Cała historia jest ładna i kompletna. Nie jest jednoznaczna, dość oryginalna, a miłość towarzysząca bohaterom szczególna i bardzo mocna. Niestety fabuła rozjeżdża się w niektórych momentach, powodując, że wkrada się chaos i trudno momentami się do tego przyzwyczaić.
Początek książki jest bardzo rozwleczony i miejscami nudnawy, fabuła rusza z kopyta dopiero w momencie pojawienia się na horyzoncie utraconej przez bohatera dziewczyny, a i to nie daje poczucia ruszenia z historią do przodu.
Główny bohater ma problemy z ojcem alkoholikiem, boryka się z potężnym uczuciem odrzucenia. Skrzywdzony jako małe dziecko, przeżywa śmierć matki i chorobę ojca, w późniejszym czasie dąży do autodestrukcji i zapomnienia. Niestety, ten ważny aspekt, autorka potraktowała dość infantylnie. Nie skupiła się na problemach, które stanowiły solidne podwaliny zachowania Aleksa, ale zaledwie je musnęła i summa summarum wyjaśniła jednym zdaniem.
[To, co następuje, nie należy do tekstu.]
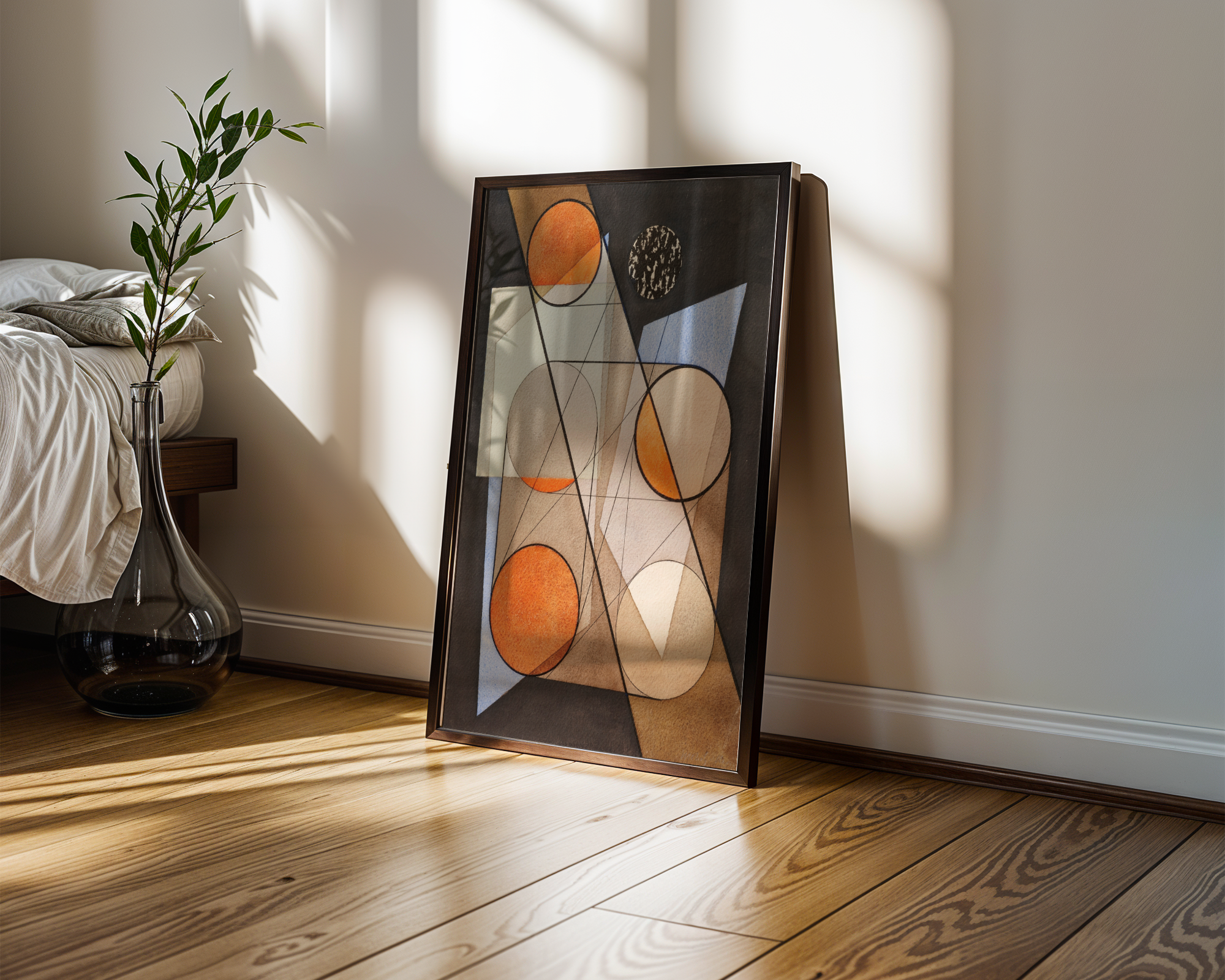 László Moholy-Nagy - Composition with Symmetrical Circles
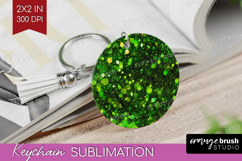 Glitter Texture Keychain PNG - Sparkle Glitter Keychain Product Image 1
Problemy Kayli, natomiast, potraktowano tu nieco po macoszemu. Autorka bardzo szybko połączyła parę, w zasadzie bagatelizując potężne problemy dziewczyny, które wynikały z odniesionych przez nią ran. Błyskawicznie wprowadziła Aleksa w jej życie, nie dając szans czytelnikowi na dogłębne zapoznanie się z pewnymi faktami. Wyglądało to trochę tak, jakby miłość była doskonałym remedium na całe zło tego świata i lekarstwem na wszystko.
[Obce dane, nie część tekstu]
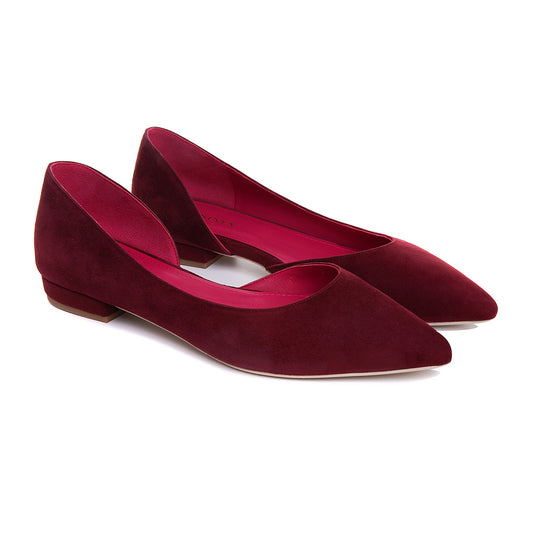 Balerini Samantha Piele Intoarsa, Burgundy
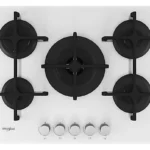Placa de gas - WHIRLPOOL 869991030240, 5.0000 zonas, 730 mm, Blanco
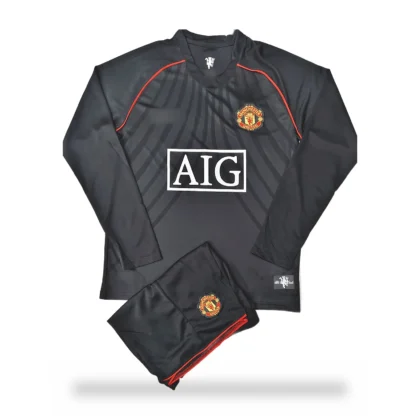 Manchester United 2008/09 Away Long Sleeve Retro Jersey (First Quality Set) With Shorts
Najbardziej przykro było mi kiedy czytałam zakończenie. Wygląda to tak, jakby autorka się spieszyła i bardzo chciała zakończyć tę historię. Wyjaśnia sprawy połowicznie. Nie wskazuje problemów, jedynie podsumowuje i zakańcza historię właściwie w kilku zdaniach.
Jest tu też coś dla wielbicielek cytatów. I motywujących i tych, mówiących o miłości i przywiązaniu. Tekst jest nimi przesycony, więc śmiało można się do nich stosować.